His sheepdog eyes peering through a fringe of cornsilk hair, Tighe remarked, “Sure, and your carrier can make a gamecock go roupy by coughing upon it.”
“That, I think, is moonshine,” disparaged his older brother, “though your smaller bird will succumb.”
Sentimental when soused, they fell to brooding over their fellows who’d been recently taken by Mister Jack: Rory Kavanagh, Spanker O’Malone — the list went on. “Fine lads gone too soon to glory and it’s himself that survives,” said Murtagh, tilting his square head in the direction of the recumbent Pinchas. “There’s justice for you.”
“Bang on,” Tighe nodded in assent. “And there lies the Jew like a great-I-am in the place of old Finbar.” For he still nursed a bitterness that the swayback hound, whose treble yelps he’d so savored when lifting it by the ears, had been banished from its pallet to the out-of-doors. Still feigning sleep, Pinchas manufactured a raucous snore.
Then Murtagh, who was not above goading his little brother, suggested that he might perhaps introduce a red pepper to the dosser’s bony arse. Whereat Tighe, rising shakily to his feet, offered to go him one better and introduce the whole of the sheeny’s anatomy to the night.
“Whisht, boyo, our Katie would be having your guts for garters.”

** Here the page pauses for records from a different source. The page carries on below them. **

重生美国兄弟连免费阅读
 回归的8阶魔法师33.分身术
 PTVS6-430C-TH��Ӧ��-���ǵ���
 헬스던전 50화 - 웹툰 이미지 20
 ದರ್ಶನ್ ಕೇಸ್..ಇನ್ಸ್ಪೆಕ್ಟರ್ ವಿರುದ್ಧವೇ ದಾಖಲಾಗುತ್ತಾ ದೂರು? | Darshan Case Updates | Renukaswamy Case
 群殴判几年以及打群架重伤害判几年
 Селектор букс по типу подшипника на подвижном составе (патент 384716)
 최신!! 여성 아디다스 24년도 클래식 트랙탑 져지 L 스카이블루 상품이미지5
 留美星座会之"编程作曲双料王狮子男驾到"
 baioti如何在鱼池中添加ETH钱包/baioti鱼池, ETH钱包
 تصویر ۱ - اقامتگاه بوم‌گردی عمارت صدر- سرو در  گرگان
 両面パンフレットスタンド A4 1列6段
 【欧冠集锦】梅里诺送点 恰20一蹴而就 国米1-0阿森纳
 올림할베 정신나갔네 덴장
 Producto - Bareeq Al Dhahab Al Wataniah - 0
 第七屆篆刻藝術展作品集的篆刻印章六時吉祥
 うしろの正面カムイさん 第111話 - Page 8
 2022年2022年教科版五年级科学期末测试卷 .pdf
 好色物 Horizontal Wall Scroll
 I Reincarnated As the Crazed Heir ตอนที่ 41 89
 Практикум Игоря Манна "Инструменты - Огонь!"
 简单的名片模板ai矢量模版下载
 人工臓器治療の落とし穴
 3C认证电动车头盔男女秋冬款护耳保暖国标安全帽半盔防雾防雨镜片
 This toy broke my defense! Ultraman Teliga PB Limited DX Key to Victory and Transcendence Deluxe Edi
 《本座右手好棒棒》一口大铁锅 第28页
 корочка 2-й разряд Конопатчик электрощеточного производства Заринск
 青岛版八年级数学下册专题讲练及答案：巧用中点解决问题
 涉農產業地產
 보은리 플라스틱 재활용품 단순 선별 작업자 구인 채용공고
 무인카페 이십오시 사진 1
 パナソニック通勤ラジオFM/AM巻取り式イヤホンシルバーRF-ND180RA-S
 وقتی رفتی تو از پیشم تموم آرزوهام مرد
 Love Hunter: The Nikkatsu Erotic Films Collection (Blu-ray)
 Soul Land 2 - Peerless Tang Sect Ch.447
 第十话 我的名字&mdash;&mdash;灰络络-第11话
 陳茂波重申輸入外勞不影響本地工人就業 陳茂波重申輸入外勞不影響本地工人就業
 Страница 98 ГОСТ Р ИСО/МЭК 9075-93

“The biggety minx,” exclaimed Tighe in a burst of pot valor, “she can start with these,” plucking the entrails stuck to his trousers and flinging them at the wall. “The divil take Katie and her reasty rabbi!” Tottering forward, he leaned over the peddler and gave his shoulder a rough shake. “Here,” he shouted, “it’s time yer mushed along up the yard.” Then a cuff to the back of the counterfeit sleeper’s skull.
But Pinchas had provided for just such an eventuality. With the sheet pulled tightly over his head, he dredged with furtive fingers the reserve of ingredients he’d tucked into the deep pockets of Cashel’s nightshirt. From the right-hand compartment he scooped the saffron pollen he’d collected from the overripe irises that Phelim Mulrooney had bestowed on Katie during his visits. He rubbed the pollen rapidly over his face, then took from the other pocket the pulpy blackberries he’d filched from Katie’s larder and pressed them into his squinched-up eyes. He stuffed the fistful of tea leaves into his cheeks, so that before Tighe could tear the sheet from his head and haul him to his feet, Pinchas’s skin was turned a saffron yellow and purple tears leaked from his nostrils and eyes.